Second, the executor takes an inventory of the deceased’s property, including securities, real estate and business interests. In some states, an appraisal of value may be required. Then the executor must provide notice to all known creditors. Generally, a creditor must stake a claim within a limited period of time specified under state law.
Third, the executor determines which creditor claims are legitimate and then meets those obligations. He or she also pays any taxes and other debts that are owed by the estate. In some instances, state law may require the executor to sell assets to provide sufficient proceeds to settle the estate.
Fourth, ownership of assets is transferred to beneficiaries named in the will, following the waiting period allowed for creditors to file claims. If the deceased died intestate, state law governs the disposition of those assets. However, before any transfers take place, the executor must petition the court to distribute the assets as provided by will or state intestacy law.
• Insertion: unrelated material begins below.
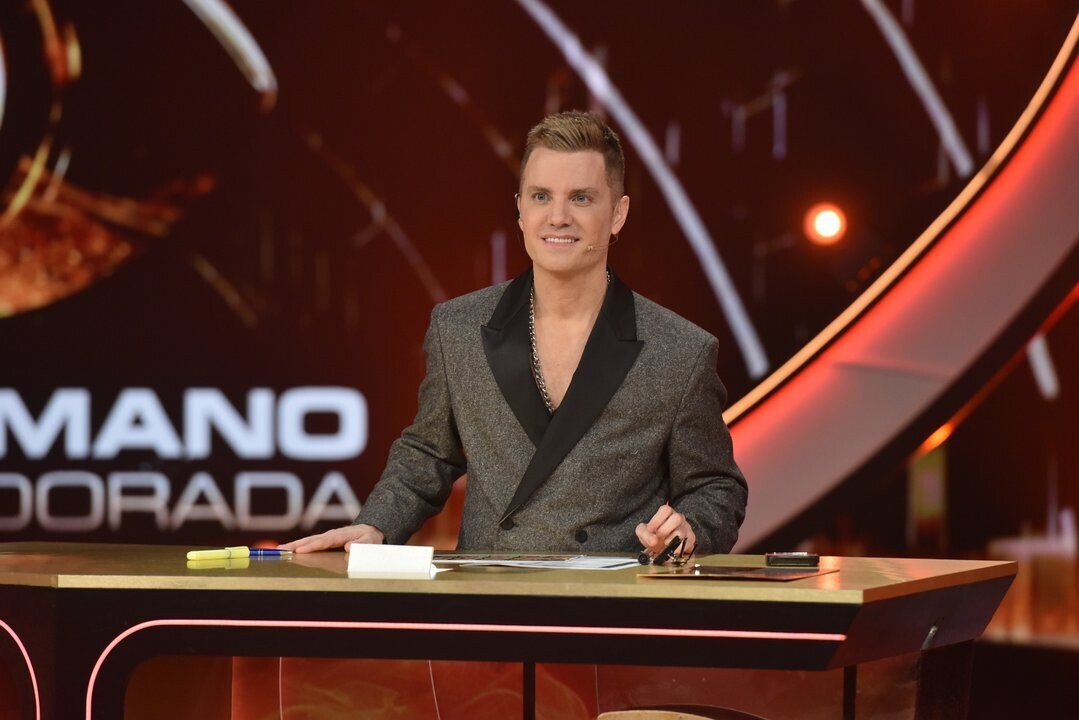 Премьера «Большого брата» в Аргентине собрала 1,4 миллиона зрителей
Frequently, the will provides for the creation of a testamentary trust to benefit heirs. For instance, a trust may be established to benefit minor children who aren’t yet capable of managing funds. In this case, control over the trust assets is transferred to the named trustee. Finally, the petition should include an accounting of the inventory of assets, unless this is properly waived under state law.
Planning to avoid probate
Certain assets are automatically exempt from probate. (See “What assets skip probate?”) But you also may be able to avoid the process with additional planning. The easiest way to do this is through the initial form of ownership or use of a living trust.
With joint ownership with rights of survivorship, you acquire the property with another party, such as your spouse. The property then automatically passes to the surviving joint tenant upon the death of the deceased joint tenant. This form of ownership typically is used when a married couple buys a home or other real estate. Similarly, with a tenancy by entirety, which is limited to married couples, the property goes to the surviving spouse without being probated.
A revocable living trust is often used to avoid probate and protect privacy. The assets transferred to the trust, managed by the trustee, pass to the designated beneficiaries upon your death. Thus, you may coordinate your will with a living trust, providing a quick transfer of wealth for some assets. You can act as the trustee and retain control over these assets during your lifetime.
Achieving all estate planning goals
When it comes to probate planning, discuss your options with family members to develop the best approach for your personal situation. Also, bear in mind that avoiding probate should be only one goal of your estate plan. Your estate planning advisor can help you develop a strategy that minimizes probate while reducing taxes and achieving your other goals.
Sidebar: What assets skip probate?
Your will controls the disposition of most assets you own, but not all assets have to go through probate. A few notable exceptions include funds in a qualified retirement plan, such as a 401(k) plan, or traditional and Roth IRAs. These pass to beneficiaries listed in the plan or IRA documents. Similarly, life insurance proceeds go to beneficiaries named in the proper forms (unless the estate is named). These designations supersede any provisions in a will.
Other property in a payable-on-death (POD) form — such as certain securities, bank accounts and U.S. Savings Bonds — automatically pass to beneficiaries without going through probate.